- Italian poster
- Directed by: Giuseppe Piccioni
- Written by: Franco Bernini Fabrizio Bettelli Giuseppe Piccioni
- Produced by: Mario Cecchi Gori Vittorio Cecchi Gori Gaetano Daniele
- Starring: Sergio Rubini; Margherita Buy; Valeria Bruni Tedeschi; Patrizia Piccinini; Asia Argento;
- Cinematography: Roberto Meddi
- Edited by: Esmeralda Calabria
- Music by: Antonio Di Pofi
- Distributed by: Variety Distribution
- Release date: 1993;
- Country: Italy
- Language: Italian

= Condannato a nozze =

1993 film

Condannato a nozze (also known as Diary of a Man Condemned to Marriage) is a 1993 Italian comedy film directed by Giuseppe Piccioni.

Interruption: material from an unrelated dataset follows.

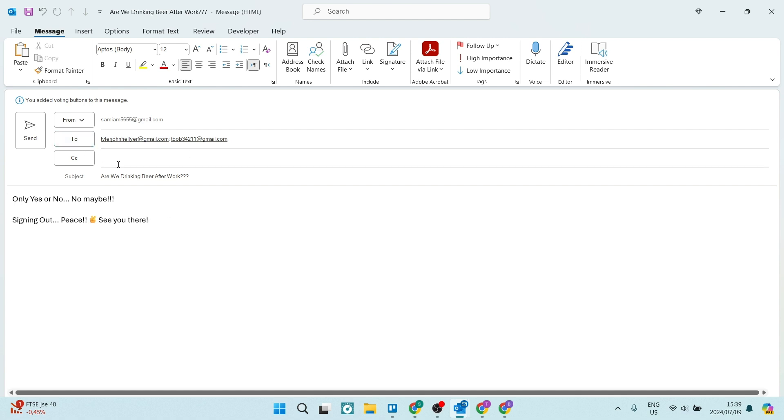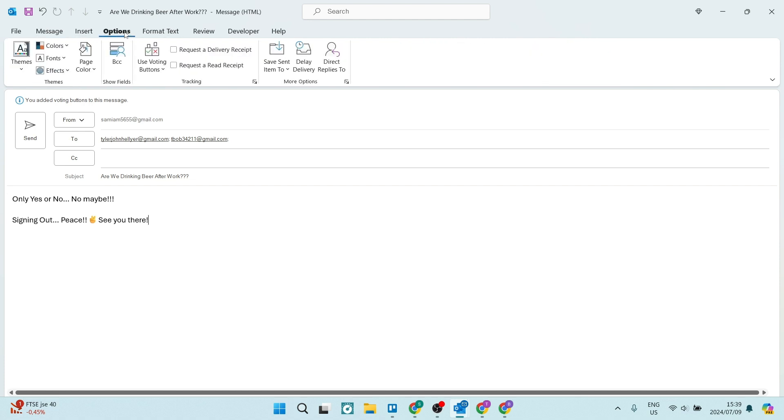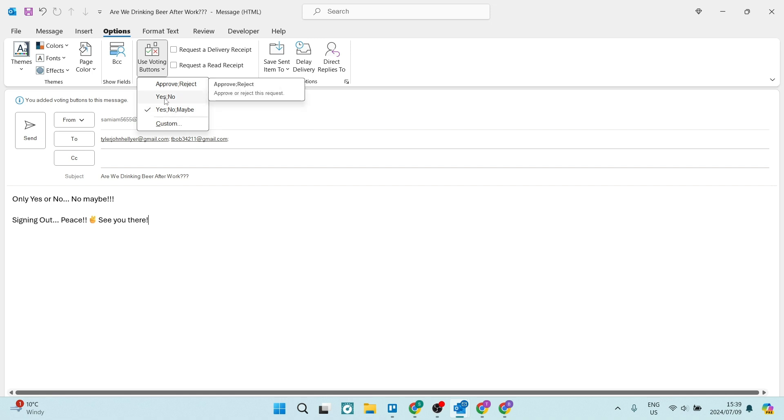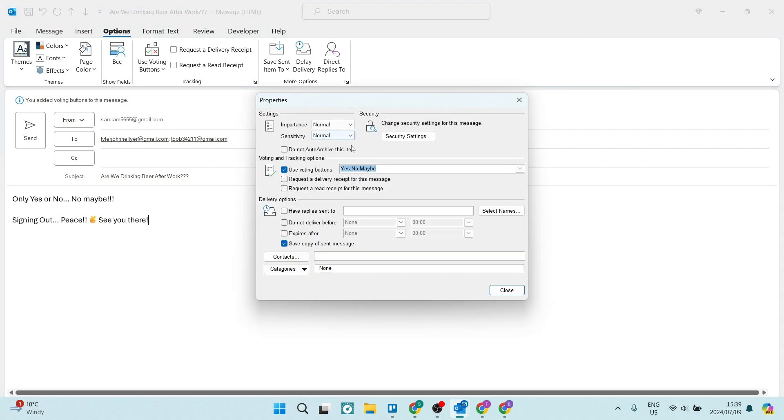Now what you want to do is add your recipients and go up to the top of the page to your ribbon and look for options. Under options you'll find use voting buttons, and here you will have a few different types of voting buttons you can use. There is an approve/reject, a yes/no, a yes/no/maybe, and then the option to customize what the actual voting buttons say.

It entered the Panorama section at the 50th Venice International Film Festival.

== Cast ==
- Sergio Rubini: Roberto
- Margherita Buy: Sandra
- Valeria Bruni Tedeschi: Gloria
- Asia Argento: Olivia
- Patrizia Piccinini: Enrica
- Patrizia Sacchi: Psychoanalyst
- Enzo Cannavale: Doorman

==Production==
During filming, then 17-year-old Asia Argento began a love affair with Sergio Rubini, who at the time was married to Margherita Buy.